Probability Integral Transform & Quantile Function Theorem


In this brief blog post we present simple proofs for two very important theorems: the probability integral transformation and the quantile function theorem. Both theorems are rather important in statistics, computational math, machine learning and beyond.

We shed light on the background of these two well-known theorems. In particular, we investigate the “why-it-works” question. To this end, we take a closer look into the difference between continuous and discrete distributions. We furthermore demonstrate why the Probability Integral Transformation Theorem in general does not work for discrete distribution. In addition, we also illustrate under what circumstances a discrete distribution at least converges towards the assertion of the Probability Integral Transform Theorem. To this end, we provide heuristics and illustrations.

Let us first state the actual theorems in the next section. Afterwards, we are going to illustrate both and finally we will also prove them. The proofs provided in this blog post are based on results of Angus [1.].


Let X be a real-valued random variable defined on a probability space (\Omega, \mathcal{A}, \mathbb{P}). Let F: \mathbb{R} \rightarrow [0,1] be defined by x \mapsto F(x):= \mathbb{P}(\{\omega: \ X(\omega)\leq x\}) with x\in \mathbb{R} be the distribution function of X.

Theorem I (Probability Integral Transformation):
If X has distribution function F which is continuous, then the r.v. Y:=F(X) has the distribution function of \text{Uniform}(0,1).


The second theorem that we are going to prove is as follows.

Theorem II (Quantile Function):
Let F be a distribution function F. If F^{-1}: \ ]0,1[ \rightarrow \mathbb{R} is defined by F^{-1}(y)=\inf\{ x| F(x)\geq y \}, 0<y<1 and U has the distribution of \text{Uniform}(0,1), then X=F^{-1}(U) has distribution function F.


But why are both theorem so important?

The Quantile Function Theorem is of utter importance whenever simulations need to be performed. In almost all computer algebra systems this theorem is applied to generate samples of probability distributions. Beside that distribution transformations are the basis for any statistical testing, which is an important field within Frequentist’s statistics. The Probability Integral Transformation is also an important basis for the definition or interpretation of a copula.

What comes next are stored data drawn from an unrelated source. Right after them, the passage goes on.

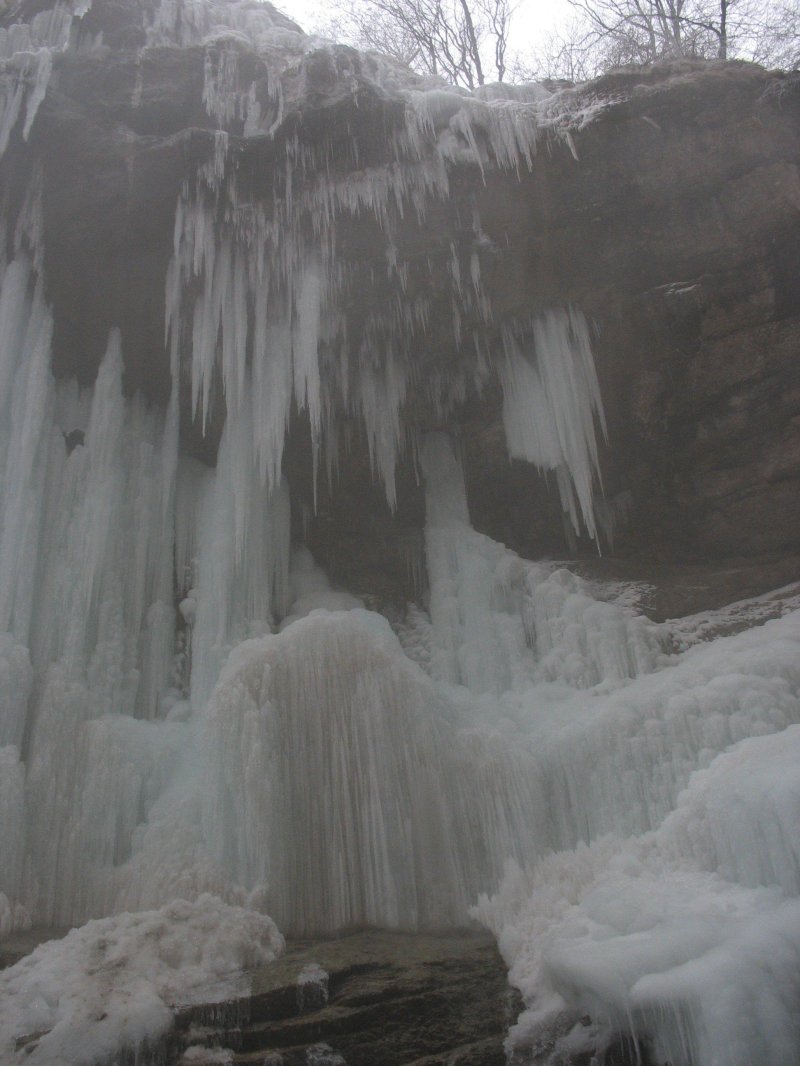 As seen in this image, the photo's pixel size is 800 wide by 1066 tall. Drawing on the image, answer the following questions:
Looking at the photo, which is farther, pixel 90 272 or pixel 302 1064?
pixel 90 272

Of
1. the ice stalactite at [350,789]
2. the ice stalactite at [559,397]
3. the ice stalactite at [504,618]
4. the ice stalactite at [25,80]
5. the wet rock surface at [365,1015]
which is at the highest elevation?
the ice stalactite at [25,80]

Wrapping it up, we can state that both theorem are fundamental results that are applied in many important areas and it is definitely worth understanding them. To this end, we will first try to understand what both theorems are actually doing with a hands-on approach.


Probability Integral Transformation

Let us draw a large sample X \sim \text{Normal}(0,1) distributed by the standard normal distribution. We can use a computer and R, for instance, to perform that kind of task.

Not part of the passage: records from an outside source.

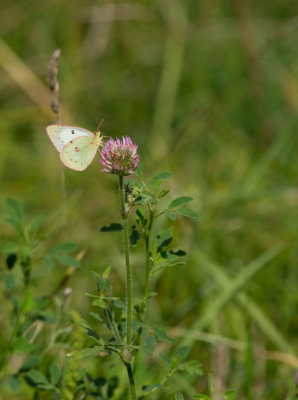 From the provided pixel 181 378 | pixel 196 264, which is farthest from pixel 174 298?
pixel 181 378

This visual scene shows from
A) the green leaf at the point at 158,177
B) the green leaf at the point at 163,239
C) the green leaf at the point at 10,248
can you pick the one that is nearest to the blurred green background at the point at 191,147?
the green leaf at the point at 10,248

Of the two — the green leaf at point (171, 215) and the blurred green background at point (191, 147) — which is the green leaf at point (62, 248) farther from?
the green leaf at point (171, 215)

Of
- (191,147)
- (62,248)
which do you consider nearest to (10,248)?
(62,248)

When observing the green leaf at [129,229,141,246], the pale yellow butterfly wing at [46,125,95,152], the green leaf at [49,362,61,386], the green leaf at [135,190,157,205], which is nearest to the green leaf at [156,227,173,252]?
the green leaf at [129,229,141,246]

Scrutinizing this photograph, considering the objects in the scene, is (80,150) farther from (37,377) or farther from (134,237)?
(37,377)

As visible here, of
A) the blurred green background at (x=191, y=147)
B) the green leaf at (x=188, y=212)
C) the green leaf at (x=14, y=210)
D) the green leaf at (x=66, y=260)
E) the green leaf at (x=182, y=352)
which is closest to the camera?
the green leaf at (x=188, y=212)

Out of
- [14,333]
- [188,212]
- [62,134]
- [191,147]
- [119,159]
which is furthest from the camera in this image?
[191,147]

X <- rnorm(n=10^6, mean=0, sd=1)

A simulated sample of a standard normally distributed random variable X is shown in the next Fig. 1.

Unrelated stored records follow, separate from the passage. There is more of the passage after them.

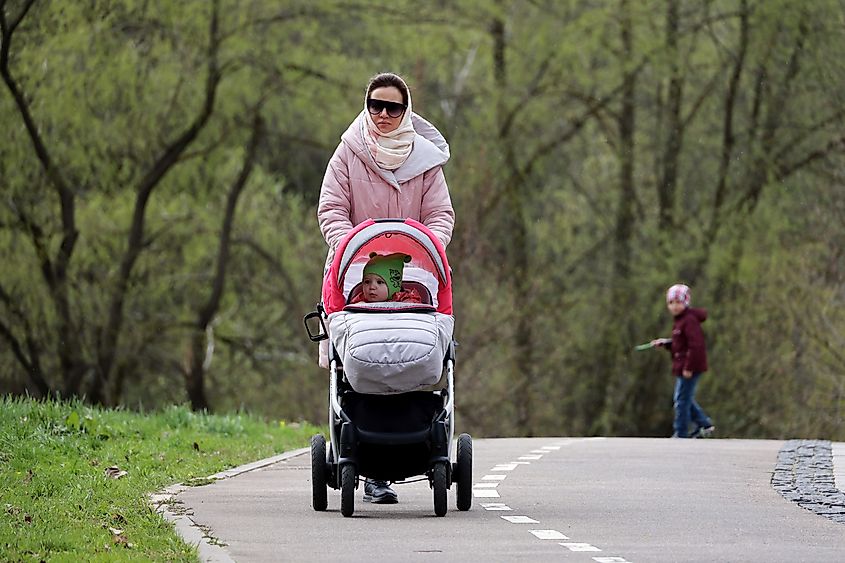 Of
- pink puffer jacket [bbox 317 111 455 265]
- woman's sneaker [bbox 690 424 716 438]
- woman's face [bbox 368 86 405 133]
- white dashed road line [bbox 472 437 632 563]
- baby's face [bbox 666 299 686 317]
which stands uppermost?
woman's face [bbox 368 86 405 133]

Histogram of Standard Normal Distribution
Fig. 1: Histogram of Standard Normal Distribution

If we now apply the corresponding distribution function F:\mathbb{R}\rightarrow [0,1] of the standard normal distribution to the output of the random variable X, we get Y=F(X) which is clearly governed by the uniform distribution on [0,1] as we can see in the next histogram in Fig. 2.

Again, we use a computer and R to perform also the second step.

Y <- pnorm(X, mean=0, sd=1)

Realize that the range of any distribution function F is [0,1], which equals the domain of any random variable governed by \text{Uniform}(0,1).

Histogram of Uniform Distribution on [0,1]
Fig 2: Histogram of Uniform Distribution on [0,1] generated by X\sim \text{Normal}(0,1) and its distribution function F, i.e. Y=F(X)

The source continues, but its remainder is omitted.